The bill would also “limit the use of funds” for the Pentagon to retire the Block 30s, which it had proposed in its 2013 budget. It says no funds could be used in 2013 to “retire, prepare to retire, or place in storage an RQ–4 Block 30 Global Hawk unmanned aircraft system.”
The Pentagon proposed retiring 18 of Northrop Grumman’s Global Hawk Block 30 drones, one variant of the unmanned aircraft, which the Air Force said would save $2.5 billion over the next five years.
The Air Force would instead rely on the manned U-2 aircraft as a replacement, even though the Block 30 drones were supposed to be a less expensive alternative drone.
Air Force Secretary Michael Donley said at a congressional hearing on the budget that the Block 30 drones were being retired because the service “couldn't justify the costs to improve the Block 30's sensors to achieve capability that already exists in the U-2.”

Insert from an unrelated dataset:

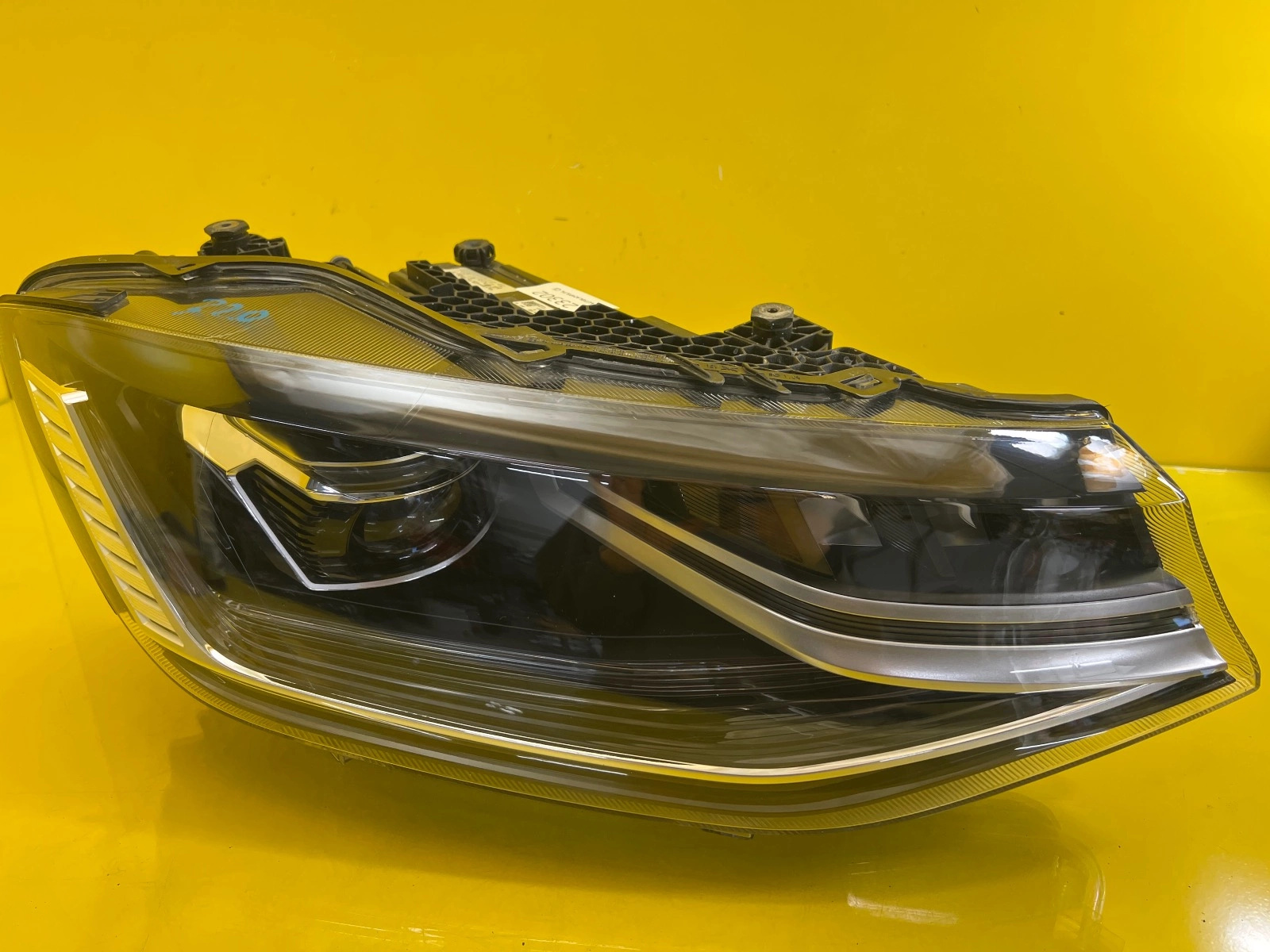 Phare droit VW Caddy V Full Led 2K8941036H Autolamps Phare droit VW Caddy V Full Led 2K8941036H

But the plan faced resistance in Congress, including in the House Appropriations Defense subcommittee, where ranking member Norm Dicks (D-Wash.) came to the aircraft's defense.
“I must tell you, putting the Global Hawk in a hangar is not acceptable to this member,” Dicks said at a March Air Force budget hearing. “I think we've got to find somewhere, whether it's NATO, SOCOM, the Navy, or somewhere, to use these Global Hawks.”

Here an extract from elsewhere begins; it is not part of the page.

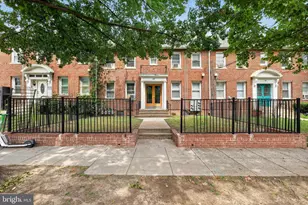 162 36th St NE, Washington, DC 20019 - Photo 2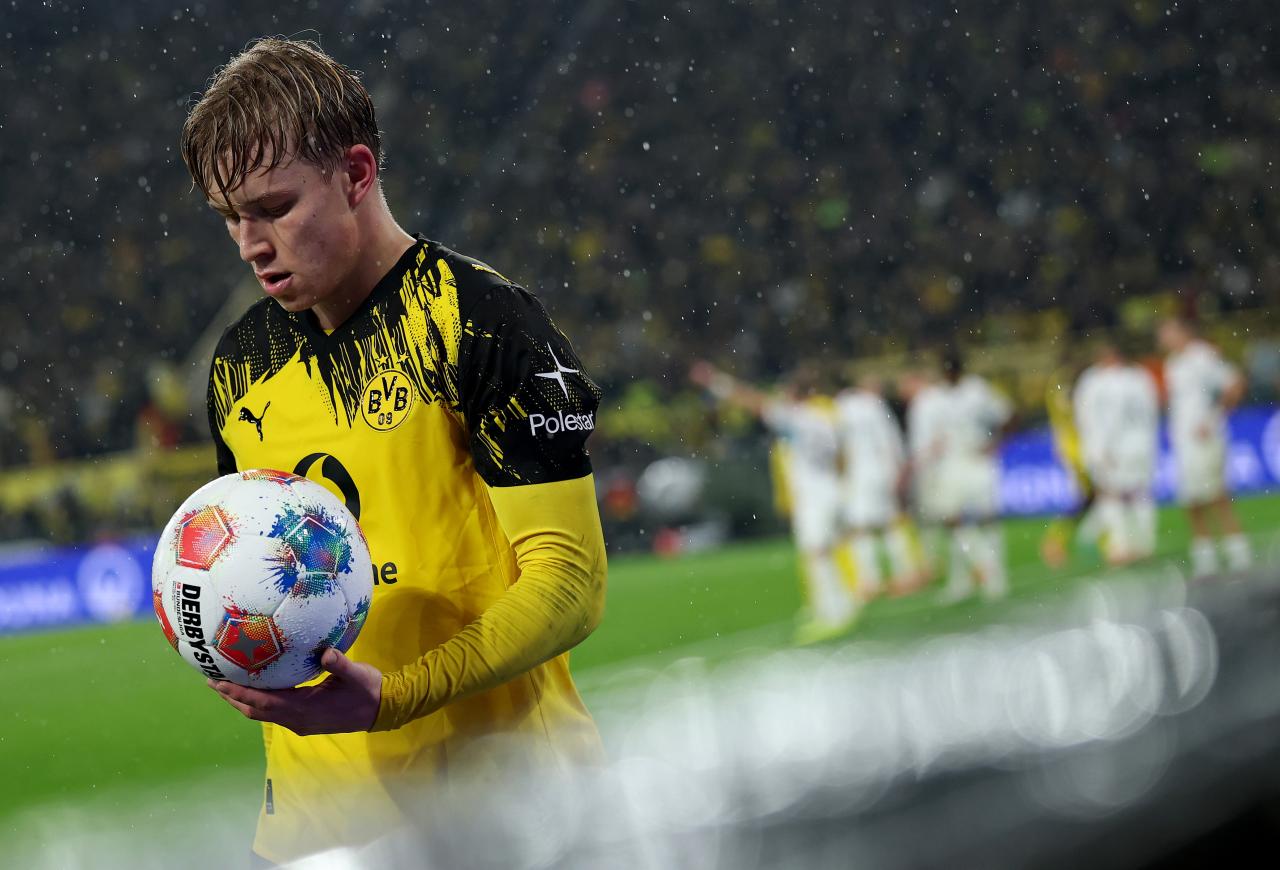 Bundesliga trio included in Sweden's World Cup squad, Hugo Larsson misses out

McKeon, during a hearing last month, also questioned the Pentagon's rationale for killing the Global Hawks, asking why the Air Force was going with the U-2 when a report had been released last year that said the program cost $220 million more per year to operate.
He asked Air Force Chief of Staff Gen. Norton Schwartz to explain why the service "chose to retain a plane that was flown by the grandparents of today's U-2 pilots, especially given that eight months ago, the undersecretary of defense for acquisition technology and logistics certified to Congress that the continuation of the Global Hawk program was essential to national security."